The Return of the Pickled Thunder
Filed under: Lost & (Carefully) Found | Purrport Incident #274-B
It was just after the Tuesday moon-washing, when the lake surface turns glossy as old film, that the jar came back.
No one saw who left it. No footprints. No flutter of wings. Just a faint smell of vinegar and ozone on Maudie O’Byrne’s back porch, and a scrap of crumpled paper tucked under the lid that read: “It hummed in its sleep. We couldn’t take the risk. Thank you for your courage."
The jar itself was warm to the touch. It pulsed faintly, like a forgotten drumbeat. Maudie, who hadn’t dared hope, squinted at it from the kitchen window for a good hour before stepping outside.
“Back, are we?" she muttered. “Well, you’d better behave this time."
She brought it in with tongs and a fireproof doily. Placed it on the mantel beside her collection of teacups named after weather phenomena. Fitz the cat sniffed it once, yowled, and vanished into the wardrobe for the remainder of the day.
By evening, the jar had released two short bursts of thunder and one full-bodied cackle that rattled the coat hooks.

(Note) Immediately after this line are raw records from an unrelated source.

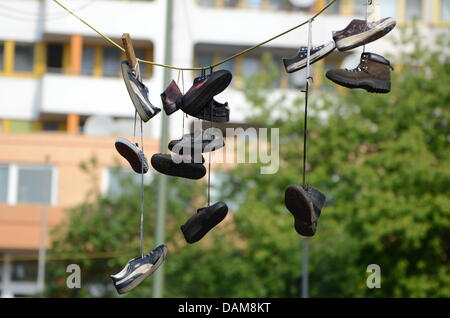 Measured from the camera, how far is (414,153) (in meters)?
27.6

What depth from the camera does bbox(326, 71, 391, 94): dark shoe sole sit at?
29.6 ft

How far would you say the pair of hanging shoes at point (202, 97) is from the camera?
9500 mm

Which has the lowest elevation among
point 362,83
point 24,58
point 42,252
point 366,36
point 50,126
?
point 42,252

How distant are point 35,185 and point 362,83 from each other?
25.5 m

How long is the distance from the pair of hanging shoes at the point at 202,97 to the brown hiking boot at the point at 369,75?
0.89 meters

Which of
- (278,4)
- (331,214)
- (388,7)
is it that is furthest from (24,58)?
(331,214)

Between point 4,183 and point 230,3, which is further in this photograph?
point 230,3

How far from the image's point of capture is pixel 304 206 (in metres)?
9.00

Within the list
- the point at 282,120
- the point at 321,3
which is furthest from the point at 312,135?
the point at 321,3

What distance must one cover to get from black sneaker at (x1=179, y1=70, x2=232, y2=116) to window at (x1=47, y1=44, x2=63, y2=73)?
91.5ft

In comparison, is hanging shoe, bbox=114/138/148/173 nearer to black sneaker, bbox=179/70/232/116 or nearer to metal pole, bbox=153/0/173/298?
black sneaker, bbox=179/70/232/116

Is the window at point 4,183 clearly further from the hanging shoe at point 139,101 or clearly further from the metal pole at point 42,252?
the hanging shoe at point 139,101

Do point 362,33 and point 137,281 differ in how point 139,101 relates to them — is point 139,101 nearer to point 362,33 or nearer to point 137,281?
point 137,281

Maudie responded with a lullaby in F-sharp and a stern tap on the glass.
All has been quiet since. Or quiet-ish.
Of course, the whispers around the village haven’t stopped:
Tansy Bitterwhistle insists she heard it arguing with her barometer.
Finn Morrigan claims it echoed a line from his dream.
And Orla Merrin, the careful observer that she is added a new symbol to her map: a spiral tucked behind Maudie’s chimney.